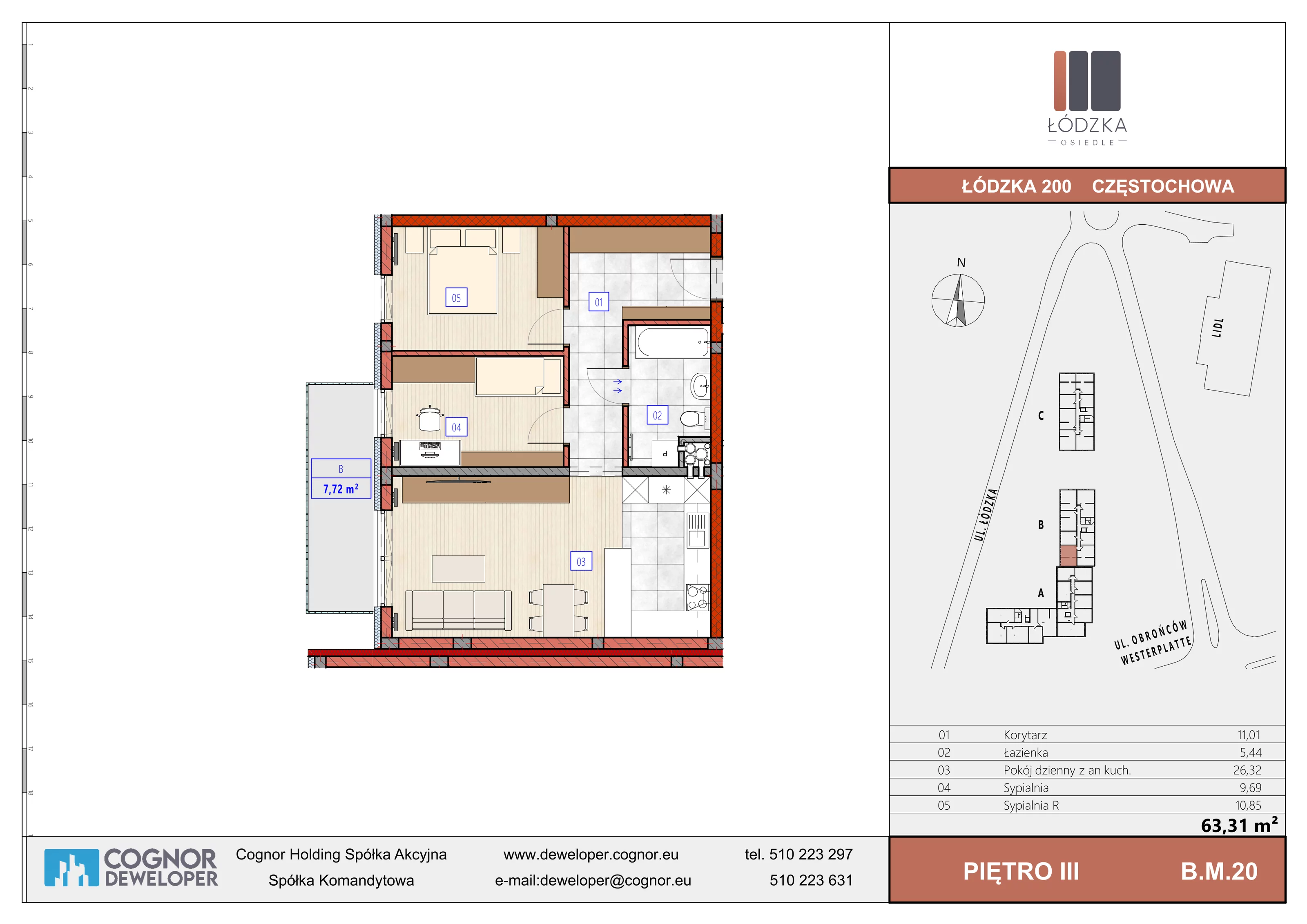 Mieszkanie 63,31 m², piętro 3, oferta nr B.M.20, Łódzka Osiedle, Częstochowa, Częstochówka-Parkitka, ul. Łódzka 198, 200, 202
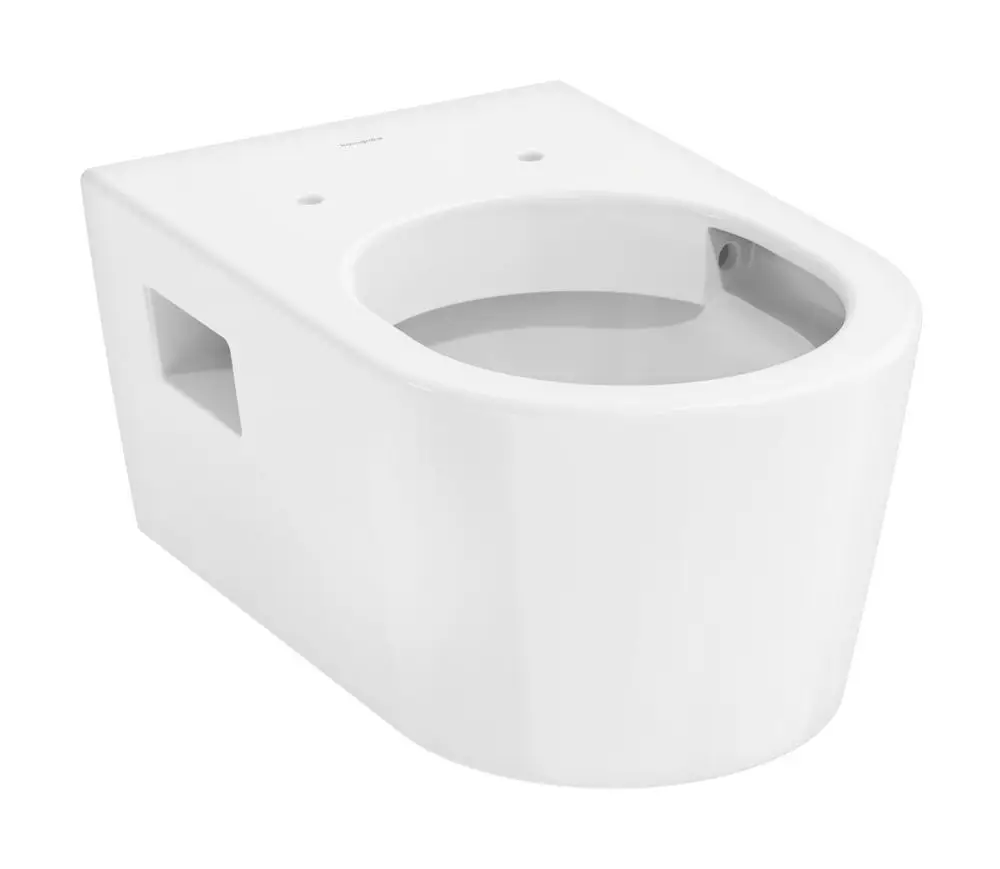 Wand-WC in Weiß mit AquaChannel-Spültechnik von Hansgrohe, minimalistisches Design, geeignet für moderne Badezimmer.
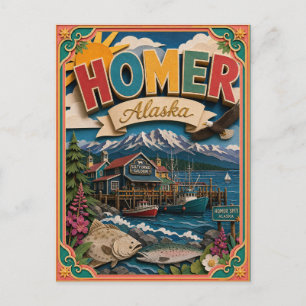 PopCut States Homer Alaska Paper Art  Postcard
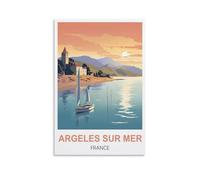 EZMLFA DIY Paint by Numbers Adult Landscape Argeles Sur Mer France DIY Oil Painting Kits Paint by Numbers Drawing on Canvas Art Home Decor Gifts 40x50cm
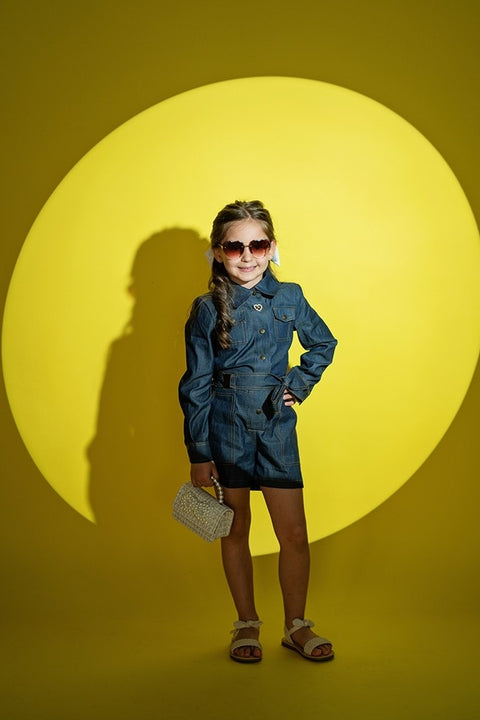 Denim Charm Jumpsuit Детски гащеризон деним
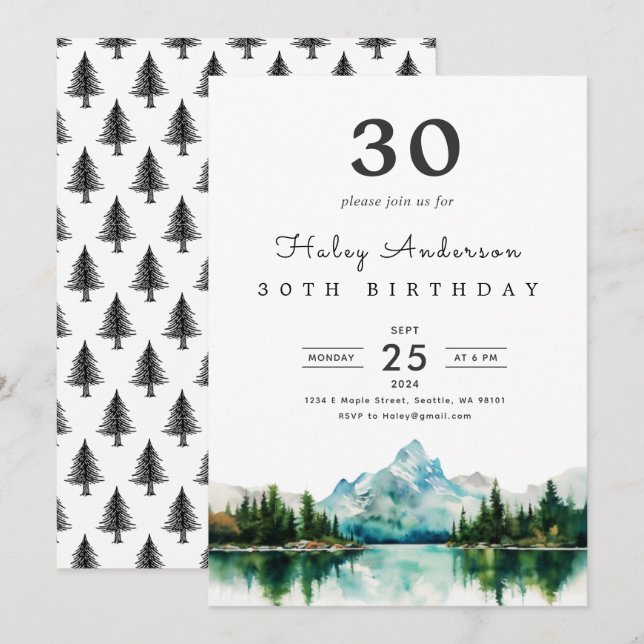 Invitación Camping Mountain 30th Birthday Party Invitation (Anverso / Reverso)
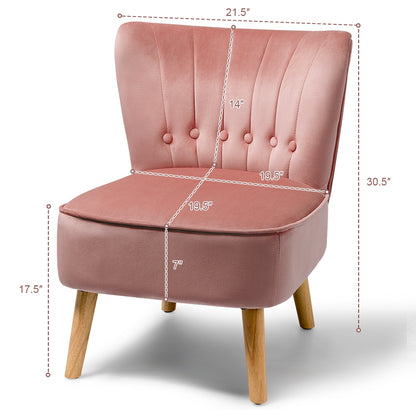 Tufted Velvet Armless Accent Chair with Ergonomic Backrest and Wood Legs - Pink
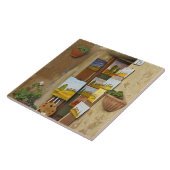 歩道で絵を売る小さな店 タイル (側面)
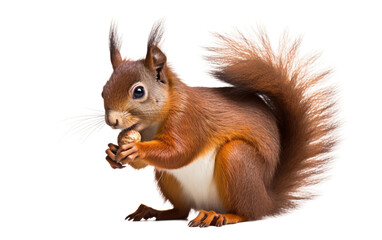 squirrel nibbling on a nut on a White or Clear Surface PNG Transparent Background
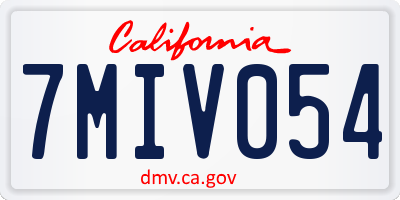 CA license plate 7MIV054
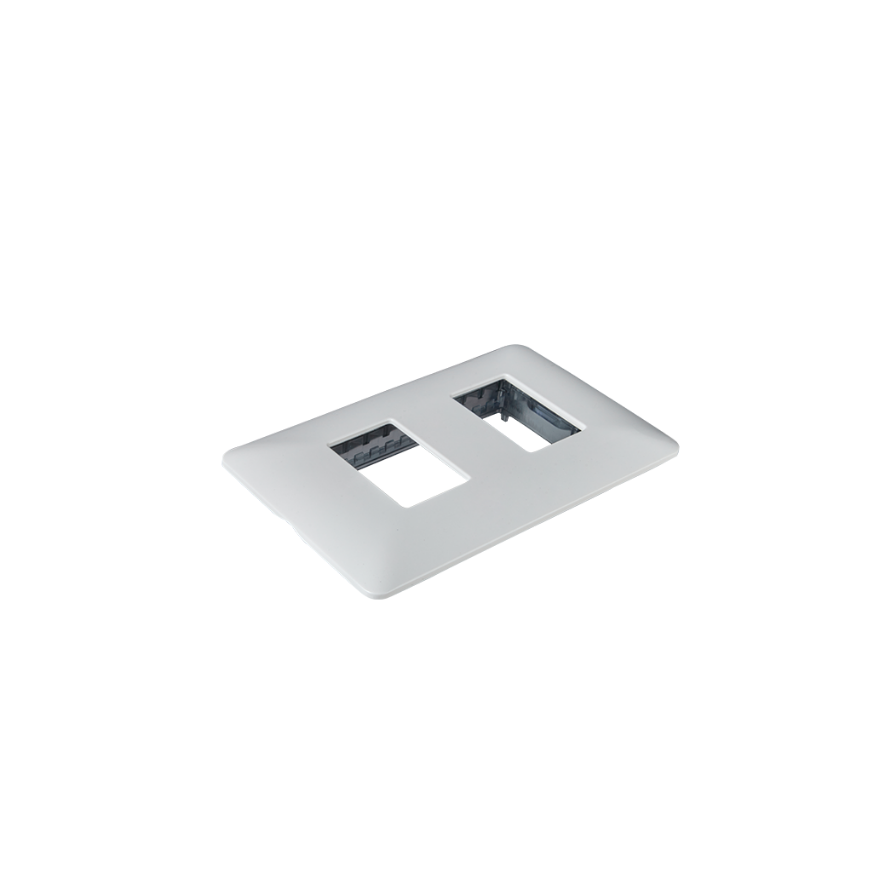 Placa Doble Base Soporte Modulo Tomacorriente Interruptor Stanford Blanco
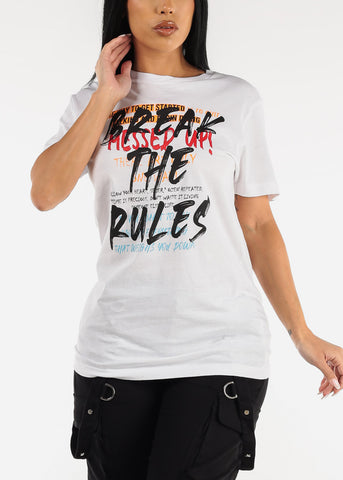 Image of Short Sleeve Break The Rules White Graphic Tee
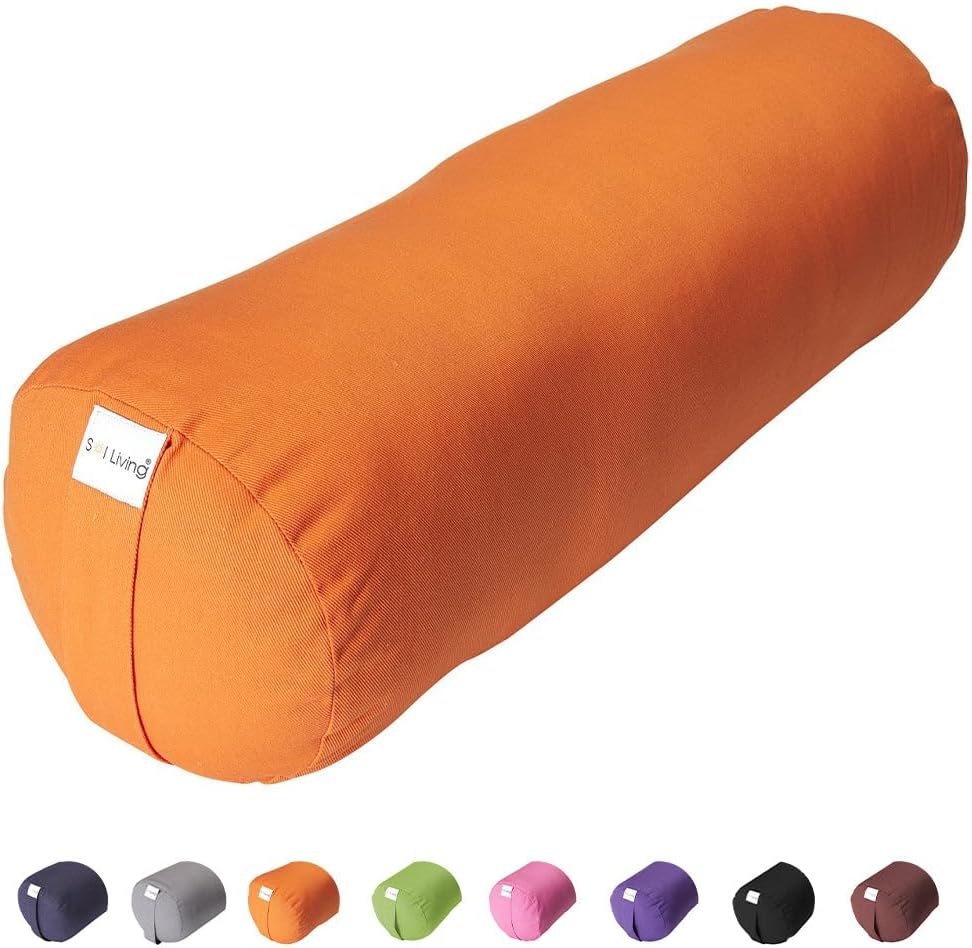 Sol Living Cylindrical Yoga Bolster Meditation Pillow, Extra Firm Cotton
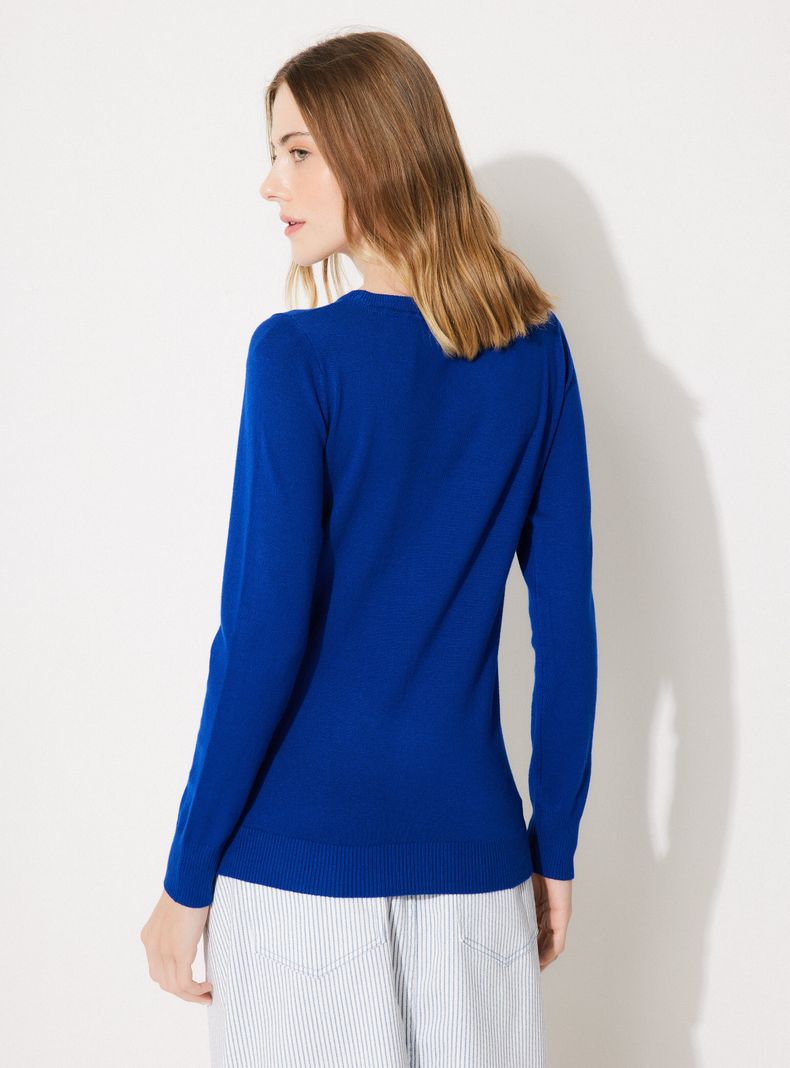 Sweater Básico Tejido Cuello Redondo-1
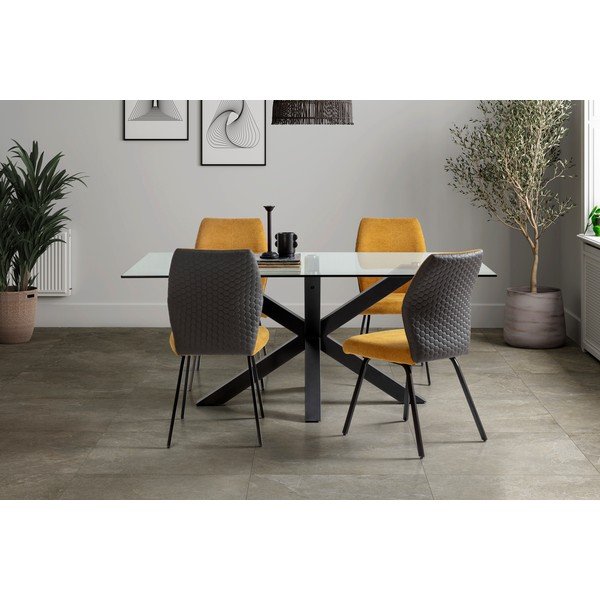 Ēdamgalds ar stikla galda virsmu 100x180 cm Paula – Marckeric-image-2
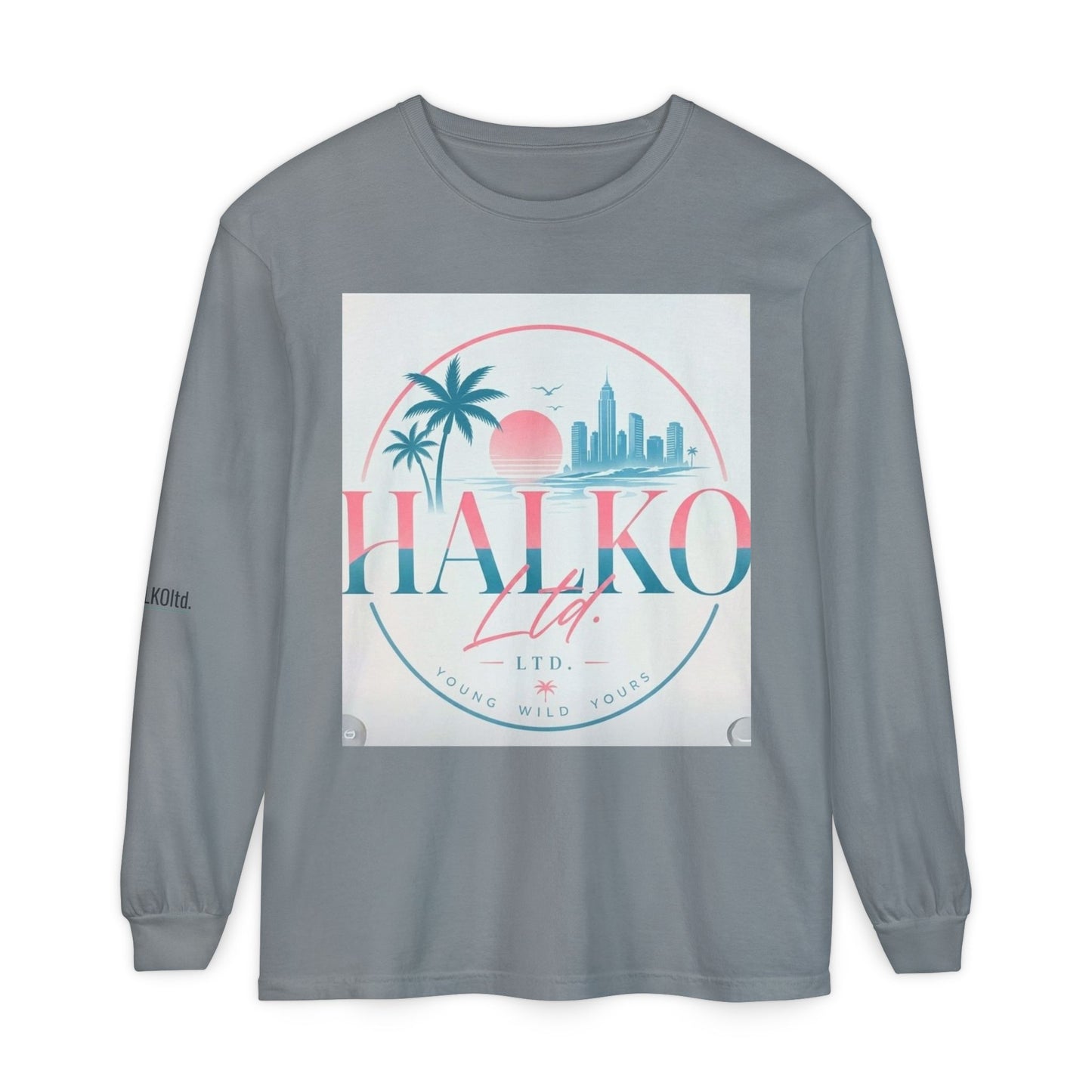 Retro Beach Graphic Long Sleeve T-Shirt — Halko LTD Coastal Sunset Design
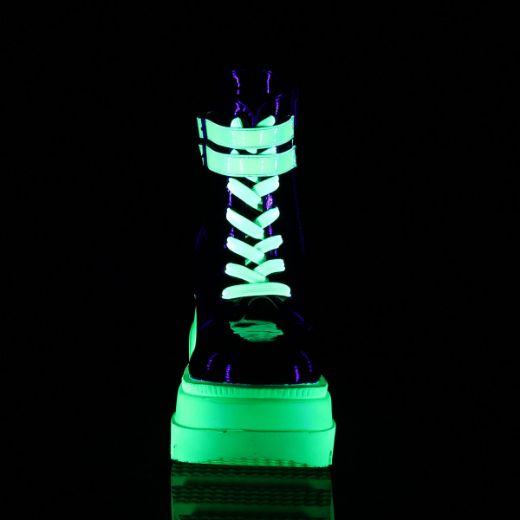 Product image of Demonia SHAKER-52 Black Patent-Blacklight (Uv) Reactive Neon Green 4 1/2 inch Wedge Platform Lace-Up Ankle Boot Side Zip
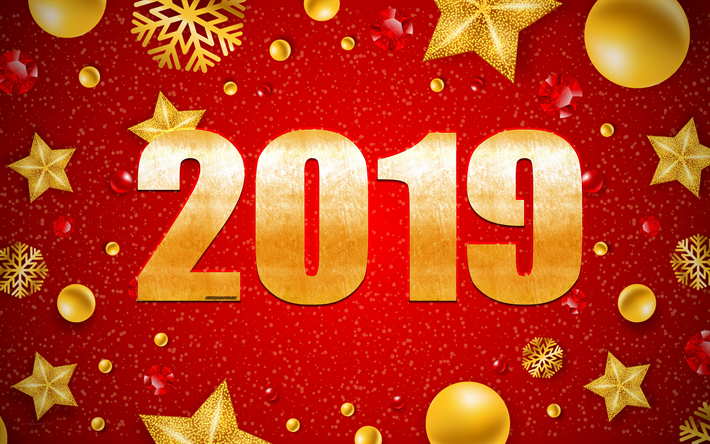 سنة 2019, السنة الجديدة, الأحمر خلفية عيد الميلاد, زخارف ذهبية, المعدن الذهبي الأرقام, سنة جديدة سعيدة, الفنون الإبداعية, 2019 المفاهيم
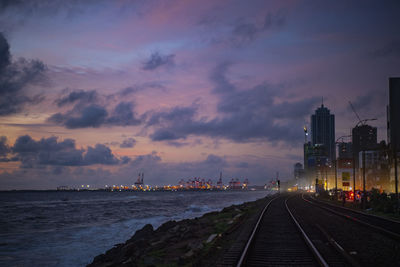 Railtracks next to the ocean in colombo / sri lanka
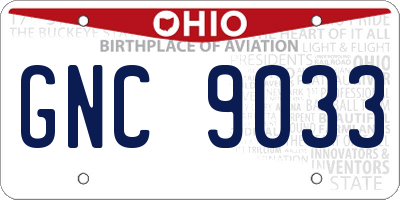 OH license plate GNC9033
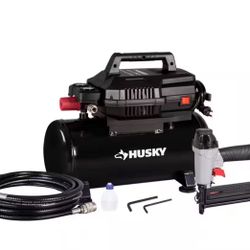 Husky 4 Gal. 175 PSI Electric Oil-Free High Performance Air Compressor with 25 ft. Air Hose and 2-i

> [Assigned task]
Now transcribe the lines above exactly, starting at the line containing "PopCut States Homer" and ending at the line containing "Image of Short", both lines included, pictures excluded.

> [Reply to the exercise]
 PopCut States Homer Alaska Paper Art  Postcard
 EZMLFA DIY Paint by Numbers Adult Landscape Argeles Sur Mer France DIY Oil Painting Kits Paint by Numbers Drawing on Canvas Art Home Decor Gifts 40x50cm
 Denim Charm Jumpsuit Детски гащеризон деним
 Invitación Camping Mountain 30th Birthday Party Invitation (Anverso / Reverso)
 Tufted Velvet Armless Accent Chair with Ergonomic Backrest and Wood Legs - Pink
 歩道で絵を売る小さな店 タイル (側面)
 squirrel nibbling on a nut on a White or Clear Surface PNG Transparent Background
 CA license plate 7MIV054
 Placa Doble Base Soporte Modulo Tomacorriente Interruptor Stanford Blanco
 Image of Short Sleeve Break The Rules White Graphic Tee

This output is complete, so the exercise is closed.